Pour le pays de la Teranga qui compte également sur ses aérogares locales, l’AIBD est engagé dans la reconstruction des aéroports régionaux. Ces travaux vont notamment permettre de relier le sud du Sénégal, en particulier la Casamance, directement à l’Europe via le renforcement des capacités de l’aéroport de Cap Skirring. Cette région, reconnue pour son potentiel touristique, espère ainsi attirer de nouveau les visiteurs internationaux après plusieurs années de faible fréquentation.

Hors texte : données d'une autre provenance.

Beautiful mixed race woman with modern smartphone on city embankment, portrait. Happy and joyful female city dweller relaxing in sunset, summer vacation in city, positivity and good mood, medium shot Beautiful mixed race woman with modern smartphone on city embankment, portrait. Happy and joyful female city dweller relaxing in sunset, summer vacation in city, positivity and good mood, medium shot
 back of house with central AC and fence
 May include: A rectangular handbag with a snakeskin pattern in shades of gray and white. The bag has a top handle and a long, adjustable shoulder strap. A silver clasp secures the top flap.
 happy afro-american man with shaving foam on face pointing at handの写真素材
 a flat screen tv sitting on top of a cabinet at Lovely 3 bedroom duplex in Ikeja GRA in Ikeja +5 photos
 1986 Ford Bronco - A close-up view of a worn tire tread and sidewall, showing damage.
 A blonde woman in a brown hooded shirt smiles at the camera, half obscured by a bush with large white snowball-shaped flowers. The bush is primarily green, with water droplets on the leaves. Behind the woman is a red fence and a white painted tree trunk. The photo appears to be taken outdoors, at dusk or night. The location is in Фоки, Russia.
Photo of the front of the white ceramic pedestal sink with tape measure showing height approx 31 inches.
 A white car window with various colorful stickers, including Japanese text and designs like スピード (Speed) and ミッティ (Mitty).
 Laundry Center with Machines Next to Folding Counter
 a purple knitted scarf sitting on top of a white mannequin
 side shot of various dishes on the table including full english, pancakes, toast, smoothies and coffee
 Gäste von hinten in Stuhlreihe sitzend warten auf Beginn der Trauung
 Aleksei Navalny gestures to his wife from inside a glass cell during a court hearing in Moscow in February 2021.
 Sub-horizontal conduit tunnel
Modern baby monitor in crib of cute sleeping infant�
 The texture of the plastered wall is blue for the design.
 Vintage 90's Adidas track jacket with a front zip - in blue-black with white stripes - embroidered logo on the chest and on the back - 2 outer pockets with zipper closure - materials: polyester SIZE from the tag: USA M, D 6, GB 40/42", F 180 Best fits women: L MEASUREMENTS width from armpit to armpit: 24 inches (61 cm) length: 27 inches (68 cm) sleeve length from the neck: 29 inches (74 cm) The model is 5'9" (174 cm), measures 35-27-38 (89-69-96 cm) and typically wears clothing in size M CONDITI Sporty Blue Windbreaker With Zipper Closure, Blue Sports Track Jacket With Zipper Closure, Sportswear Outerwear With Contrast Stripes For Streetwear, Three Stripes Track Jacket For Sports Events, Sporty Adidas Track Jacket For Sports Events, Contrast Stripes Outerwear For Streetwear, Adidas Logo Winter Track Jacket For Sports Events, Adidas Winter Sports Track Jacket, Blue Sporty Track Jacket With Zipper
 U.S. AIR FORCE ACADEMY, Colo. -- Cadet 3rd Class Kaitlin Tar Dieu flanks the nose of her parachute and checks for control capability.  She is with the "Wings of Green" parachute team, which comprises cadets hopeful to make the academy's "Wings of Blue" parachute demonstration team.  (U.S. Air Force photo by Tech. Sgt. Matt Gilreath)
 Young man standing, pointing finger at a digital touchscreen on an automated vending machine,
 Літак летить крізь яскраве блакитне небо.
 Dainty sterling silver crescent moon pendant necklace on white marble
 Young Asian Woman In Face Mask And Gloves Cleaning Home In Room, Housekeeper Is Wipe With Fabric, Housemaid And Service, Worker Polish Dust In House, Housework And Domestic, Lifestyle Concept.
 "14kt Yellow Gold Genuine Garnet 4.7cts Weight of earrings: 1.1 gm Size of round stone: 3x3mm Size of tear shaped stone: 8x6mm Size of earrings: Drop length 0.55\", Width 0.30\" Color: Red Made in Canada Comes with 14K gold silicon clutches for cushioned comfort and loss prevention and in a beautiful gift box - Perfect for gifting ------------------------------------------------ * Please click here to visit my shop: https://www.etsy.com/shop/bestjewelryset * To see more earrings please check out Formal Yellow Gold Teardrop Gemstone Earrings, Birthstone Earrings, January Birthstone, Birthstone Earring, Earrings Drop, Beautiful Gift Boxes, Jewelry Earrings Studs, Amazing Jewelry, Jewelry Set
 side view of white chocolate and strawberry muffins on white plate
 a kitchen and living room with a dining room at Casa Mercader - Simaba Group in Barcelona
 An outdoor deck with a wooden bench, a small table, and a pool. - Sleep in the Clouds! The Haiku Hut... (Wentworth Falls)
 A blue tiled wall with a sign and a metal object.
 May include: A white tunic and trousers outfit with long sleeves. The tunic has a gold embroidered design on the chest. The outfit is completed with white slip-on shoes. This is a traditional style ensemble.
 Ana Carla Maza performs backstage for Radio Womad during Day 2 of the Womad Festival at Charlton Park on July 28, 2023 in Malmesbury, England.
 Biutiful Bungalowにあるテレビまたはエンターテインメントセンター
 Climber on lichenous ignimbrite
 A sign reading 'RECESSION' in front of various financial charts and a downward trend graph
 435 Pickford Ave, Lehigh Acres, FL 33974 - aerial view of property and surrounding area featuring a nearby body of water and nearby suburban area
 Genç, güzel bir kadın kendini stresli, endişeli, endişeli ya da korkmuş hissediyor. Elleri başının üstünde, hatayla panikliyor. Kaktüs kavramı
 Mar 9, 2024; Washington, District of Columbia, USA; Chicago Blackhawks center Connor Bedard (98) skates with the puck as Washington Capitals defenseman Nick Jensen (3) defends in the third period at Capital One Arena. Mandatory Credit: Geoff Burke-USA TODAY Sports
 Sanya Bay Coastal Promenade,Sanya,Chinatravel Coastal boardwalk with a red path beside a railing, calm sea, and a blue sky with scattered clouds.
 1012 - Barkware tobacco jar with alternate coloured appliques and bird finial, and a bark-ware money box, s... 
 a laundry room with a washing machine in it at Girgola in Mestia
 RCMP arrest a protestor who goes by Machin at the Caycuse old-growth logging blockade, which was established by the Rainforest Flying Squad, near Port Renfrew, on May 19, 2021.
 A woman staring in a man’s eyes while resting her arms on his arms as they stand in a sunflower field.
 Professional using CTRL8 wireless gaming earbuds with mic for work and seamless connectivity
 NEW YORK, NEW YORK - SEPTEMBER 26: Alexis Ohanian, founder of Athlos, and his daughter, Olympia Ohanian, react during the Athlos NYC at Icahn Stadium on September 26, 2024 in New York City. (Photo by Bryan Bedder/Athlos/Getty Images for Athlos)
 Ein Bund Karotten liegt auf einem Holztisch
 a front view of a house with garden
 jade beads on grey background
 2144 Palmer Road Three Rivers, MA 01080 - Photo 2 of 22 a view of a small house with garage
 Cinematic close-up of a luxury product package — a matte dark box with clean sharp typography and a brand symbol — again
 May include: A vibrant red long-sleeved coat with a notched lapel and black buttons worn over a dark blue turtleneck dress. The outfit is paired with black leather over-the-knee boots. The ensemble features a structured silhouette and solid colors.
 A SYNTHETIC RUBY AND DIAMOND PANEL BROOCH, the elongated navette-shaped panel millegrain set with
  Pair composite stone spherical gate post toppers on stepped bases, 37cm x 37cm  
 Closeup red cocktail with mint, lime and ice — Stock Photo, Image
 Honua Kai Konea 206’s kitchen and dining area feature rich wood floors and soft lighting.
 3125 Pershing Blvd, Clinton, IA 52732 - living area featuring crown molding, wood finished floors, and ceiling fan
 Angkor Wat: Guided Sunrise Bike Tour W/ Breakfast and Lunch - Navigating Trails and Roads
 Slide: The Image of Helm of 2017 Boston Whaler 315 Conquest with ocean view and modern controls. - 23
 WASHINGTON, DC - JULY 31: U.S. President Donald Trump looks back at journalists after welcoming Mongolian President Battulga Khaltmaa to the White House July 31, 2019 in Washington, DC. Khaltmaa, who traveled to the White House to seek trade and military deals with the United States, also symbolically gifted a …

Autre avancée, le 28 octobre dernier, l’Académie internationale des métiers de l’aviation civile (AIMAC), filiale de l’AIBD, a inauguré son campus de Dakar. Ce campus est le deuxième site de formation ouvert par l’AIMAC, après celui de la base aérienne de Thiès en collaboration avec l’Armée de l’air, où la première promotion de pilotes et de techniciens en maintenance est déjà en formation. Une infrastructure qui permettra aux futurs pilotes et techniciens de se former sur place, sans aller forcément vers des écoles étrangères. Un modèle éthiopien qui a fait ses preuves et que le Sénégal tente de répliquer, surtout avec les ambitions que porte sa compagnie nationale Air Sénégal.
« L’Académie vient renforcer l’autonomie et l’excellence du Sénégal dans le secteur aéronautique, avec des programmes tels que la formation de pilotes et la gestion aéroportuaire. Cela s’inscrit dans le dispositif nécessaire au développement d’Air Sénégal », convient Doudou Ka.
Des enjeux communs à l’ensemble de la région, dont les observateurs se réjouissent qu’ils soient inscrits à l’agenda politique.